BEGIN DATA EXTRACTS

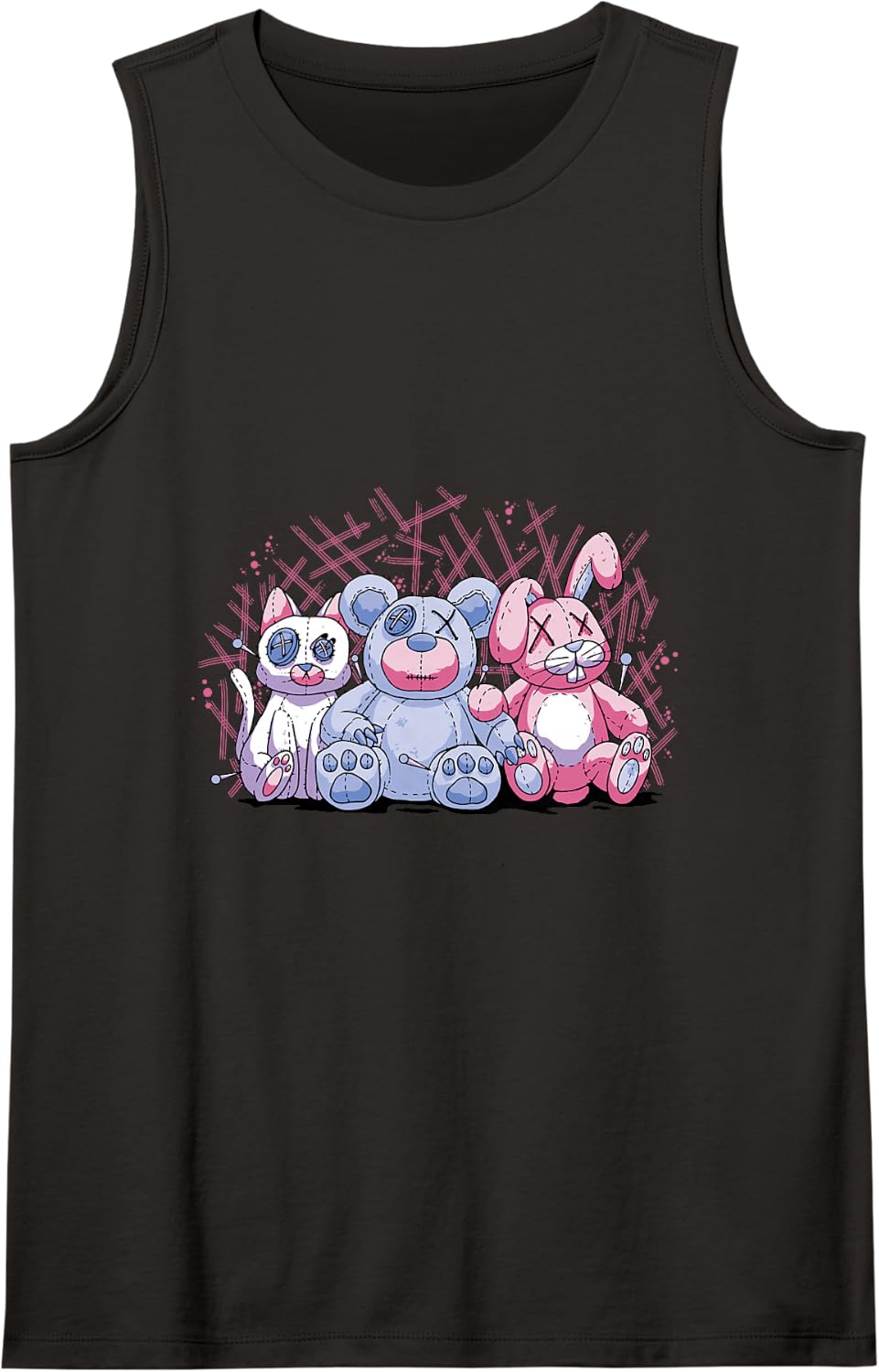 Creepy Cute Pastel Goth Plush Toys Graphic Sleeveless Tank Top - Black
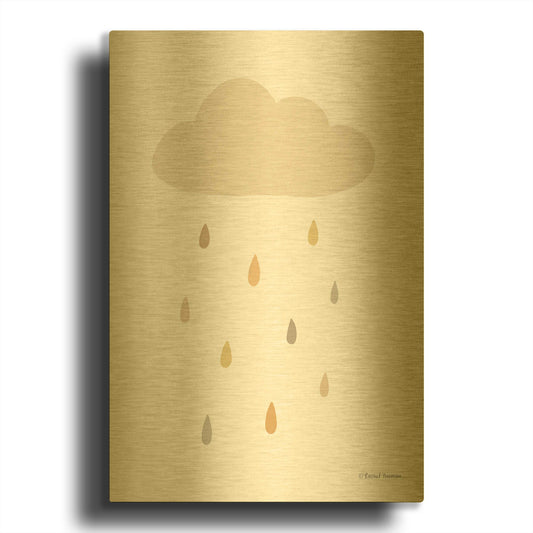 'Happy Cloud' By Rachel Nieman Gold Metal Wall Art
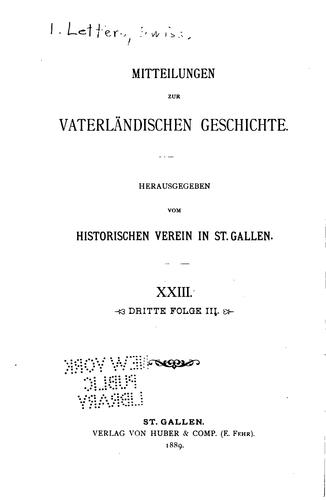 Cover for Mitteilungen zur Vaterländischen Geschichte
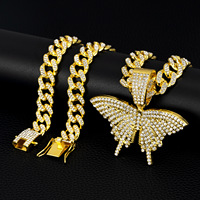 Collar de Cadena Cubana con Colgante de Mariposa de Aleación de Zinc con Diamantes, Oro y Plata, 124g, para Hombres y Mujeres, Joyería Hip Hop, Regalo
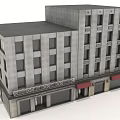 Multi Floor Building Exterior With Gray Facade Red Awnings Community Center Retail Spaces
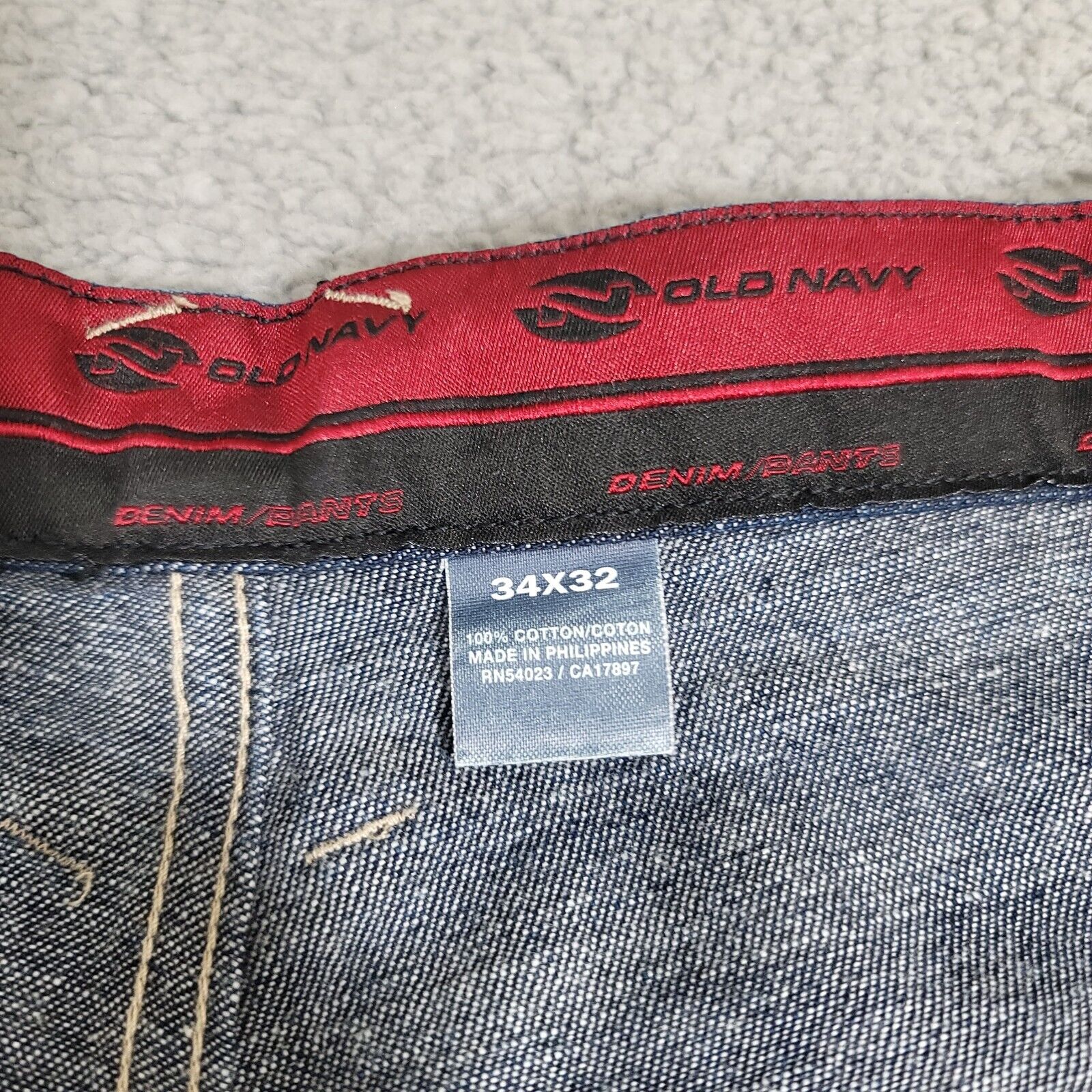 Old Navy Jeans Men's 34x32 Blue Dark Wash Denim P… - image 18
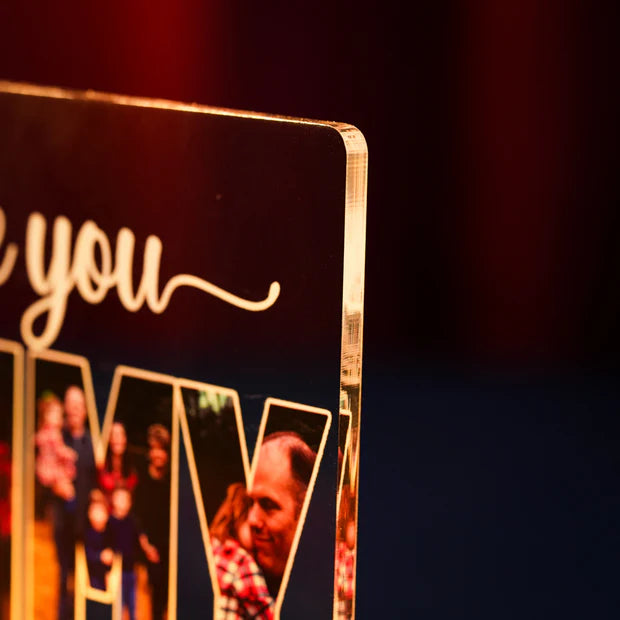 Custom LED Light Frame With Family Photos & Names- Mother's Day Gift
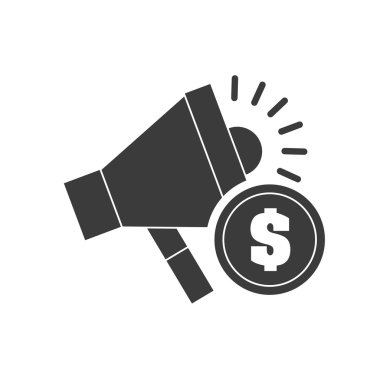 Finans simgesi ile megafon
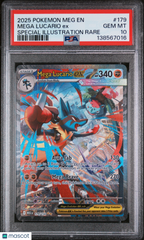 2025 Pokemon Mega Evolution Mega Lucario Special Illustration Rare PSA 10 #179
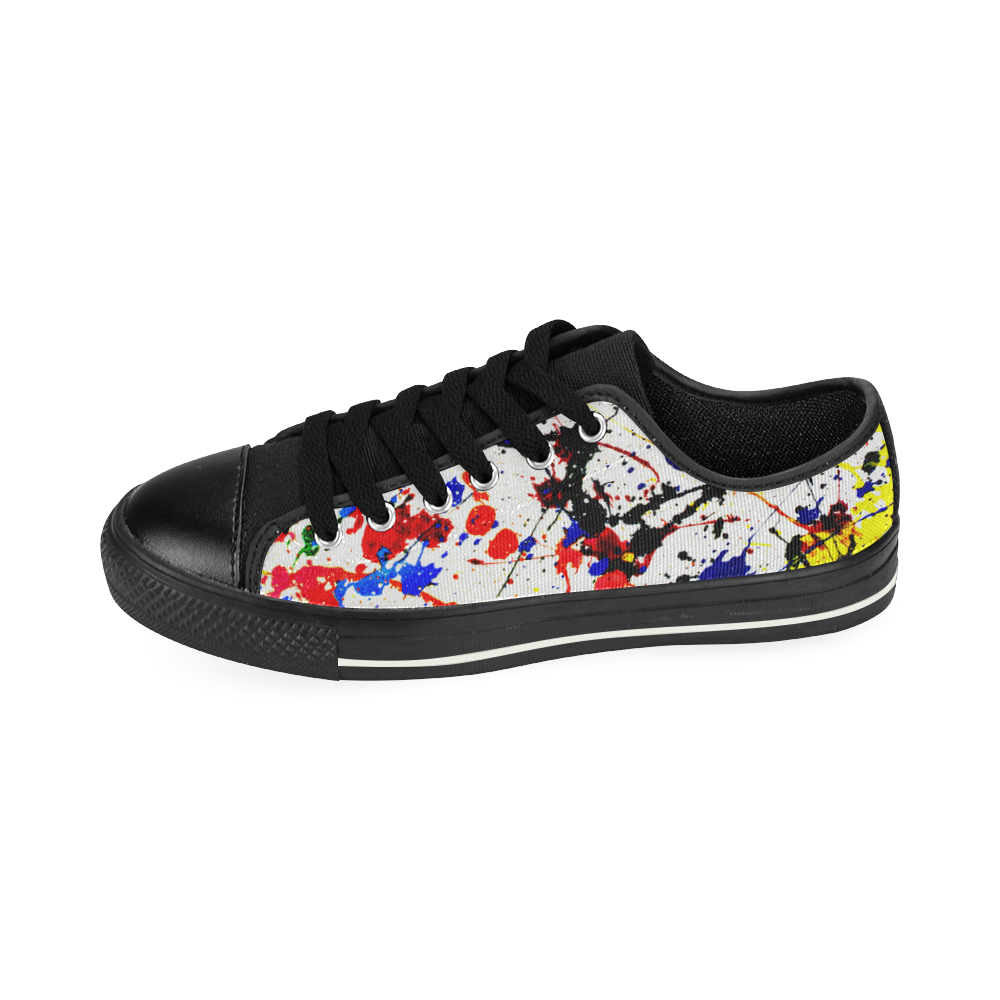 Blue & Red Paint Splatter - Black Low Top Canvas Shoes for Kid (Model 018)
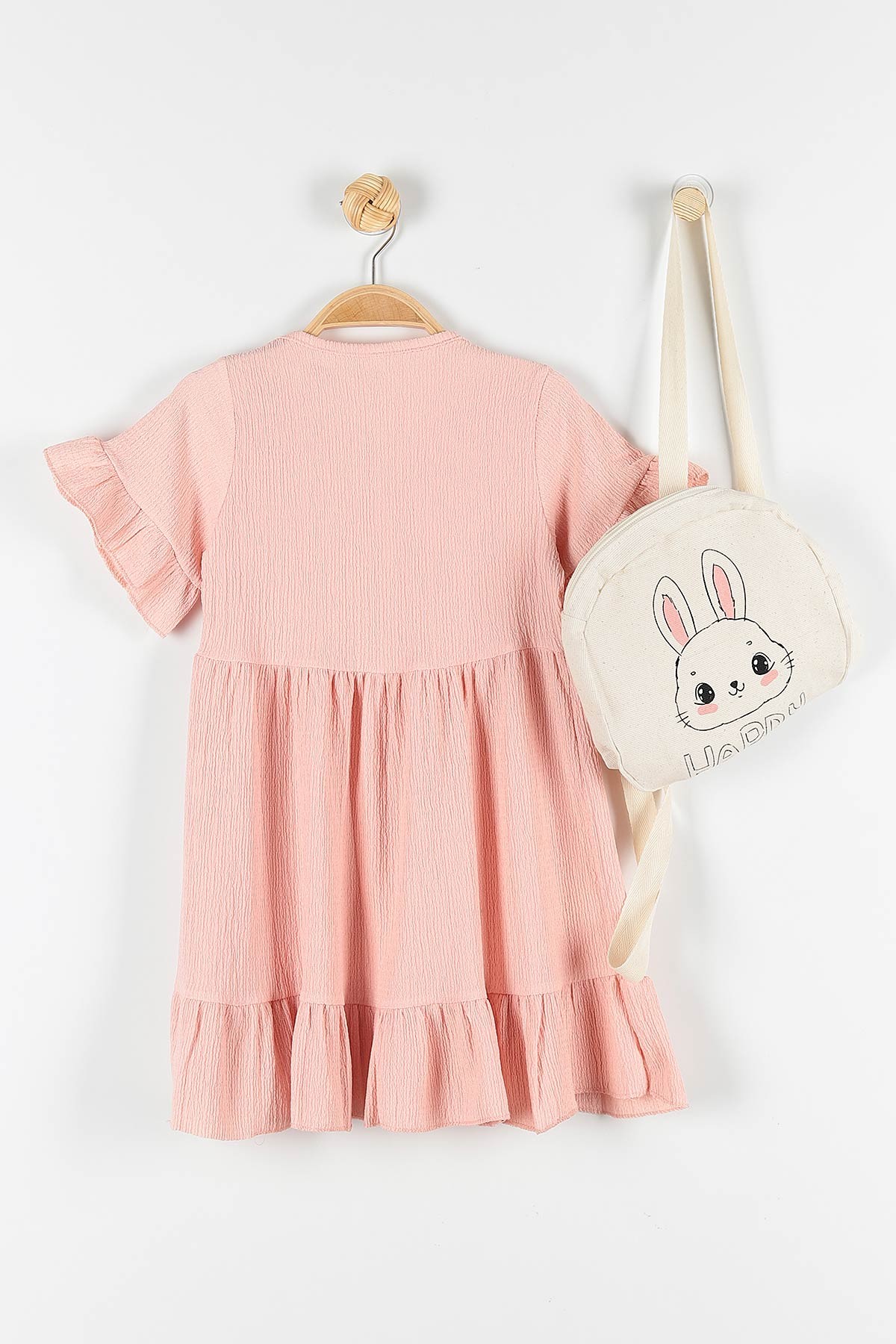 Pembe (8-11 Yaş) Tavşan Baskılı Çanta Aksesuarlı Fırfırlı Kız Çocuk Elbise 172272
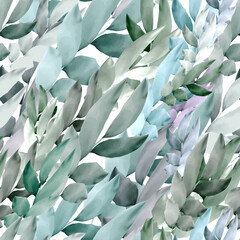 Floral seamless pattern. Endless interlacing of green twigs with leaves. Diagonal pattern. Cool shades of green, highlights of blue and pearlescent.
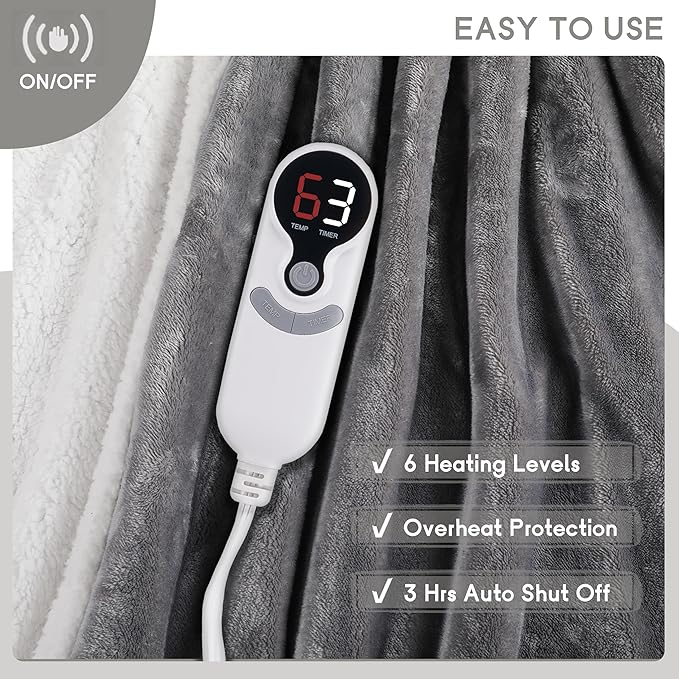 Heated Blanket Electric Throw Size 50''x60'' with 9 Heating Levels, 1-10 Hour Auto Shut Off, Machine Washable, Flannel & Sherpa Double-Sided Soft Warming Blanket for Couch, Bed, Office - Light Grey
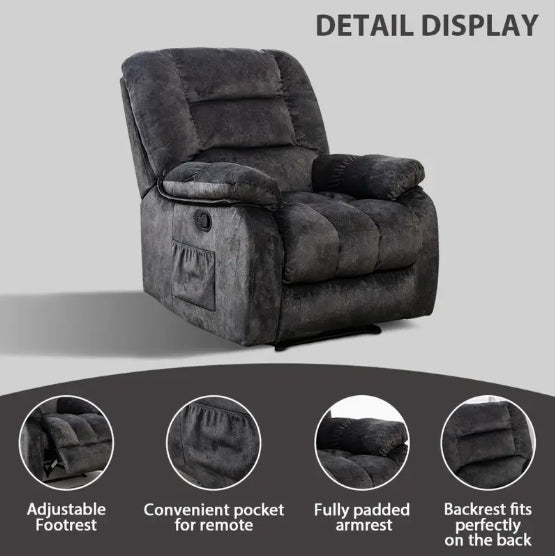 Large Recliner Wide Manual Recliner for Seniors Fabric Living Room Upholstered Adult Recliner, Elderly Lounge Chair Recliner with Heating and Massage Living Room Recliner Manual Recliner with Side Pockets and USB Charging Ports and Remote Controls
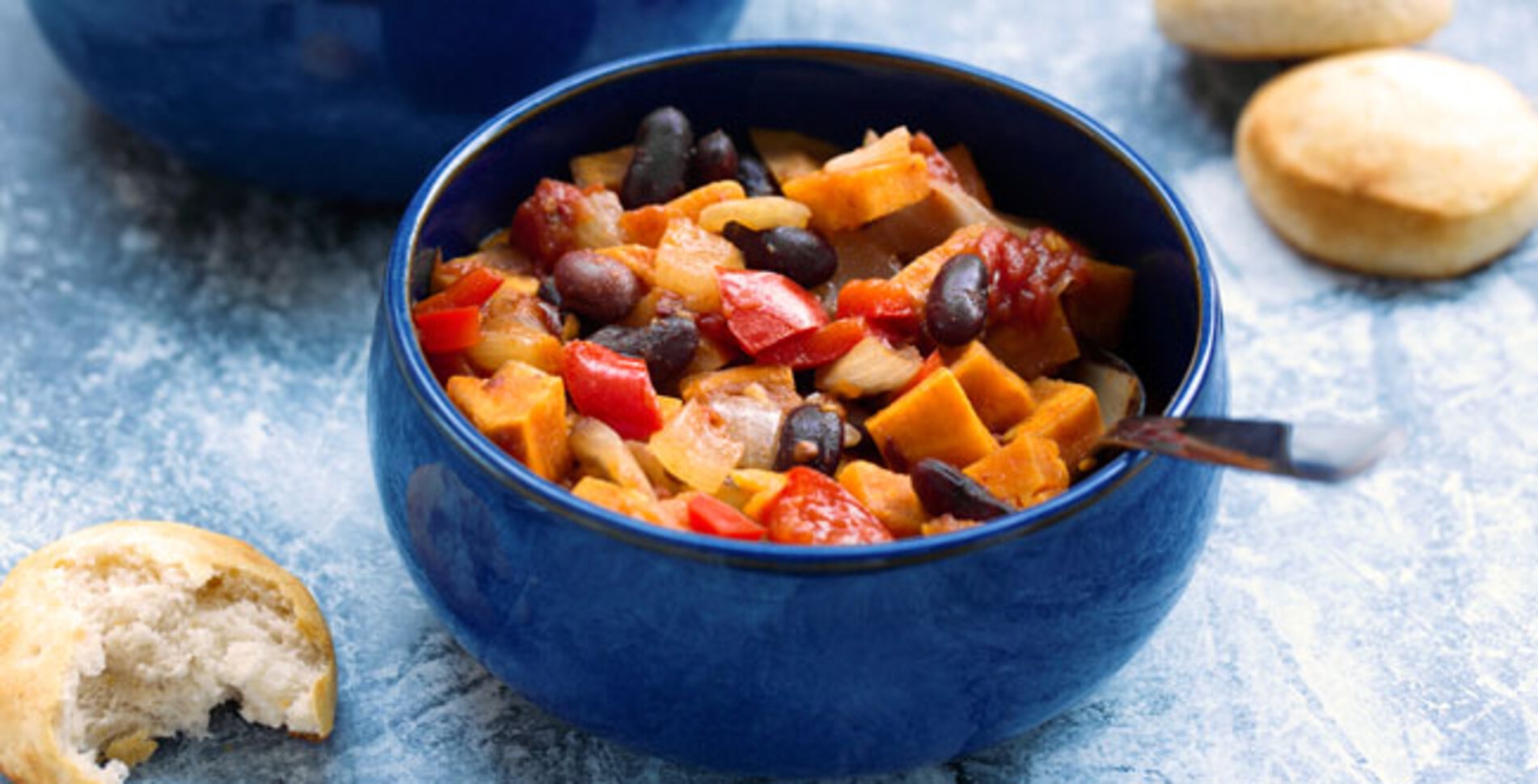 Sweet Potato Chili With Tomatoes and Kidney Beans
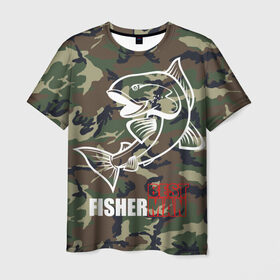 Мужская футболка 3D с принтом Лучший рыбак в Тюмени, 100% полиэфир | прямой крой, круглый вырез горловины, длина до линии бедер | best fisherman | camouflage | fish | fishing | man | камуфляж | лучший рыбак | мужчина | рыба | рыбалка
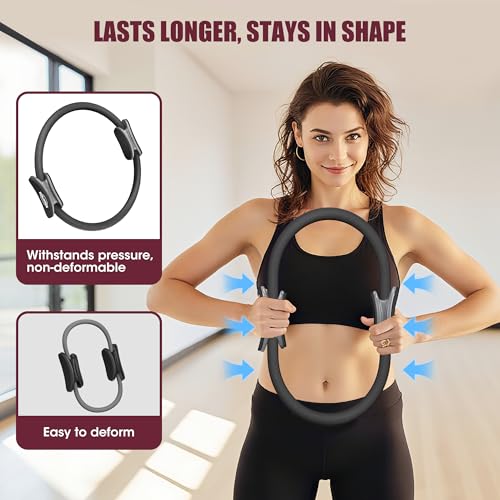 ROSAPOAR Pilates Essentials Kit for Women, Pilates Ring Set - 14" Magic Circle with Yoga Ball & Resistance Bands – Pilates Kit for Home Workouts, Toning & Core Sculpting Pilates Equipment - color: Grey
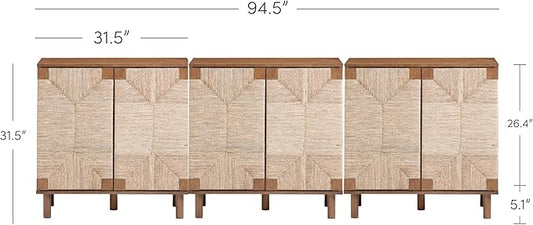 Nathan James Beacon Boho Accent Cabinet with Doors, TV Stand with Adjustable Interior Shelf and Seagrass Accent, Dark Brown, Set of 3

END DATA EXTRACTS

TASK INSTRUCTIONS:
An exact copy is required of the lines from the start of the records above through the line with "Multi Floor Building", and only those, without any pictures.

ANSWER:
 Creepy Cute Pastel Goth Plush Toys Graphic Sleeveless Tank Top - Black
 'Happy Cloud' By Rachel Nieman Gold Metal Wall Art
 Cover for Mitteilungen zur Vaterländischen Geschichte
 Collar de Cadena Cubana con Colgante de Mariposa de Aleación de Zinc con Diamantes, Oro y Plata, 124g, para Hombres y Mujeres, Joyería Hip Hop, Regalo
 Multi Floor Building Exterior With Gray Facade Red Awnings Community Center Retail Spaces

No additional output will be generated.